Let’s tackle #1 first.  The US version of the ICD-10 diagnosis codes, ICD-10-CM, is a clinical modification (BTW – that’s what the “CM” stands for; it’s not “coding manual” like some people seem to think).  It is based on the WHO version, but has been adapted for use here in the good ole United States of America.  I haven’t had a ton of time to compare it to the original, but what I do know about the CM version is this:
  • The Excludes1/Excludes2 convention, which solves a lot of problems from ICD-9 (and creates a few new ones) is not part of the WHO version
  • The use of 7th character extensions for injuries and poisonings is not part of the WHO version
  • The expansion of the external cause codes, which are not required for reporting, are not nearly as extensive in the WHO version
  • While we have adapted diabetes terminology in the US to Type 1 and Type 2 diabetes, the WHO version still uses the insulin-dependent diabetes mellitus (IDDM) and noninsulin-dependent diabetes mellitus (NIDDM) terminology that we’ve worked so hard to banish from our medical record documentation here in the States
Most of the really hard diagnosis questions I get about coding ICD-10 diagnoses revolve around the changes that are unique to the CM version.

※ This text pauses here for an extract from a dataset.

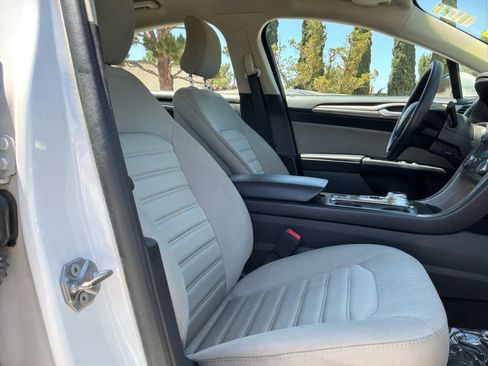 Used 2019 Ford Fusion S FWD image 14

As for the procedural component, ICD-10-PCS (which stands for procedure coding system), that was developed in the US by CMS under contract with 3M.  Although I’ve heard that other countries have plans to adopt PCS, right now the US is the only country using it.  Although other countries have procedural coding systems, it’s important to remember that we are the only ones using coding for reimbursement.  For that reason, we will likely place more weight on those procedure codes than other countries and when it comes to PCS, it’s uncharted territory.
Hopefully that answers a couple of questions about the ambiguity of ICD-10.  And may I also just point out that this is nothing new.  Coding has always undergone an evolutionary process.  We have seen it with ICD-9-CM and CPT.  It’s the reason we have official publications like the Coding Clinic and CPT Assistant.  If you are not familiar with these publications, you need to be.  They are official resources that answer a lot of questions.  And as of second quarter of this year, the American Hospital Association has stopped publishing Coding Clinic for ICD-9-CM and is only publishing Coding Clinic for ICD-10-CM/PCS.  My colleagues and I have been monitoring the publication very carefully each quarter because their advice does change some previous assumptions many have made based on what we know about these new coding systems.